Updated: February 2017
An Airport sponsor who accepts Federal airport grants is bound by the conditions and assurances in the associated grant agreements. These obligations include grant assurances related to use of hangars and other designated aeronautical facilities on the airport for exclusively aeronautical purposes. On June 9, 2016, the FAA issued a notice of final policy regarding the storage of non-aeronautical items in airport facilities designated for aeronautical use. In conjunction with that notice of policy, the FAA is posting a series of frequently asked Questions and Answers (Q&As) to the FAA Airport Compliance website. These Q&As, which are intended to assist airport sponsors and users, will be periodically updated and may be included in the next update to FAA Order 5190.6B, Airport Compliance Handbook.

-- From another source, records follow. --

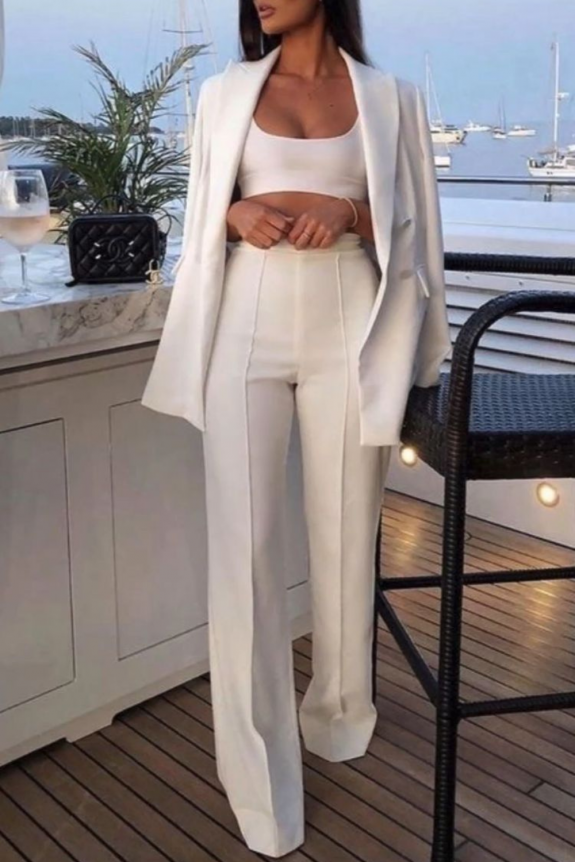 Set of three: white crop top and pants with coat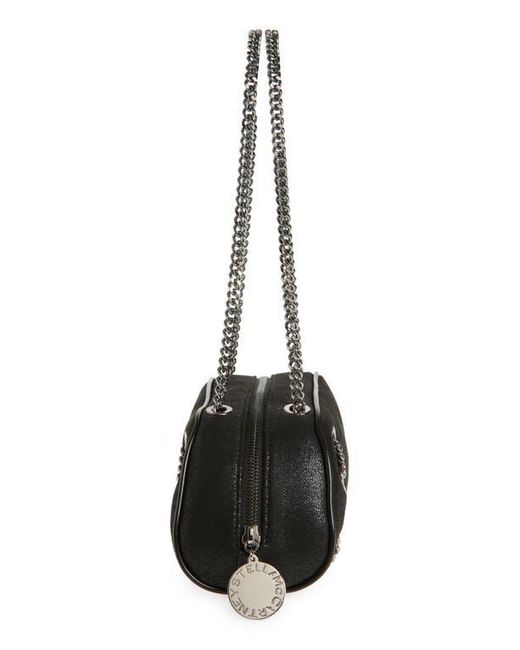 Stella McCartney Black Small Falabella Shaggy Deer Faux Leather Shoulder Bag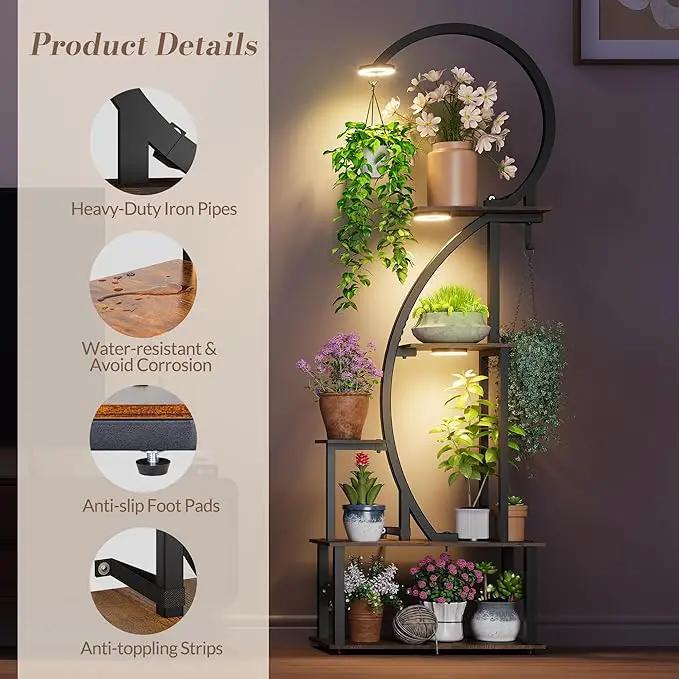 Indoor Plant Stand with Grow Lights, Half-Heart Shape Metal Shelf with Multiple Wood Boards and Hooks for Hanging & Potted Plants, Tall LED Display Rack for Living Room, Balcony Décor by GreenHaven Gardens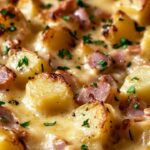 This ham and potato casserole is the ultimate comfort food, combining tender potatoes, savory ham, and a creamy, cheesy sauce. It’s a perfect dish for cozy family dinners, holiday leftovers, or even brunch gatherings. With minimal prep and ingredients, it’s a dish you’ll want to make over and over again.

- Notice of final policy about the storage of non-aeronautical items in airport facilities designated for aeronautical
- FAA Order 5190.6B, Airport Compliance Handbook
Frequently Asked Questions
- Why are hangars limited to certain kinds of use?
- What is an airport sponsor's responsibility for hangar use?
- What is the primary purpose of an aircraft hangar?
- Why is the FAA issuing a separate policy statement on hangar use?
- To what airport facilities does the policy apply?
- Does the policy apply to airports that have never received federal assistance in the form of AIP grants or federal surplus or non-surplus property conveyances?
- Does the policy apply to privately owned hangars on private property?
- What aeronautical uses of a hangar are permissible?
- What uses are not permissible under the policy?
- For the purpose of airport access and hangar use, how are UAS categorized?
- In cases where an UAS operator seeks hangar access/use, how should the airport sponsor manage UAS vis-à-vis other conventional aircraft or aeronautical activities?
- What discretion does the policy allow the airport sponsor?
- What are the policy changes for homebuilders?
- Is it possible that some aspects of aircraft construction may not be permissible in all hangars?
- Does the policy apply to privately constructed hangars on federally obligated airports?
- May hangars be used for aviation museums or non-profit organization activities encouraging aviation?
- How does the use of a hangar affect the rent charged?
- If there is no unsatisfied aviation demand for hangars, can they be leased to generate revenue from non-aeronautical uses?
1. Why are hangars limited to certain kinds of use?
FAA Response. Airport sponsors that have accepted FAA grants or deeds of Federal surplus property are obligated to use dedicated aviation facilities for aeronautical use. If hangars are not reserved for aeronautical use, Federal airport grant funds could inadvertently subsidize non-aeronautical users, and aeronautical users could be denied access to needed airport facilities. Conditions in AIP grant assurances, relevant to hangar use, include:
- Preserving rights and powers (Grant Assurance 5);
- Making the airport available for aviation use on certain terms (Grant Assurance 22);
- Not granting exclusive rights (Grant Assurance 23);
- Ensuring safe operations (Grant Assurance 19); and
- Complying with the ALP (Airport Layout Plan) process and requirements (Grant Assurance 29).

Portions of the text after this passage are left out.